3. Monitor and Retrieve Outputs

  • Copy the job_id printed in the CLI output.
  • Re-run the command later with --no-poll to check status without re-uploading.
  • Query job details directly:
  curl -H "Authorization: Bearer $SYNTH_API_KEY" \
    https://agent-learning.onrender.com/api/learning/jobs/<job_id>
  • When the job succeeds, note the fine_tuned_model identifier in the response.

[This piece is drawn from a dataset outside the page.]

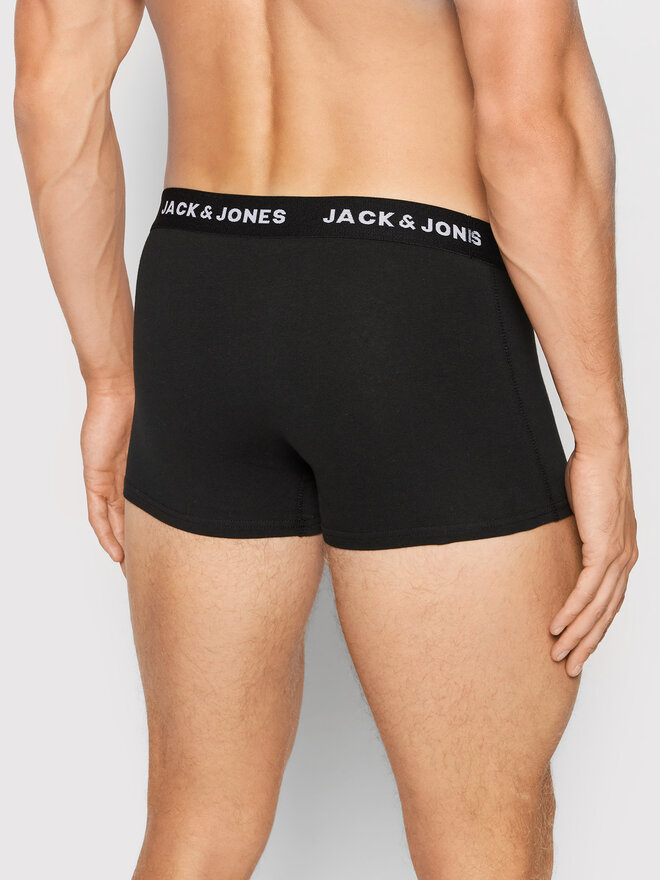 Jack & Jones Jack & Jones Boxershorts-Set Chuey 12142342 Schwarz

You will use this value when deploying the updated policy.

4. Automate with Agents

  1. Run uvx synth-ai eval to generate traces.
  2. Run uvx synth-ai filter to create JSONL.
  3. Run uvx synth-ai train --type sft … --no-poll.
  4. Poll /api/learning/jobs/<job_id> until status is succeeded.
  5. Fetch the new fine_tuned_model and move on to deployment.
Following this sequence allows a single agent workflow (or CI pipeline) to execute the entire SFT loop without manual intervention.

Troubleshooting Tips

  • Upload failures usually stem from path issues or zero-byte files—verify the file exists and is readable.
  • If validation keeps failing, inspect a few JSONL rows manually (or with jq) to confirm schema compliance.
  • Backend 4xx errors on job creation often indicate missing required config fields; review the payload preview printed just before the request and compare it with your config.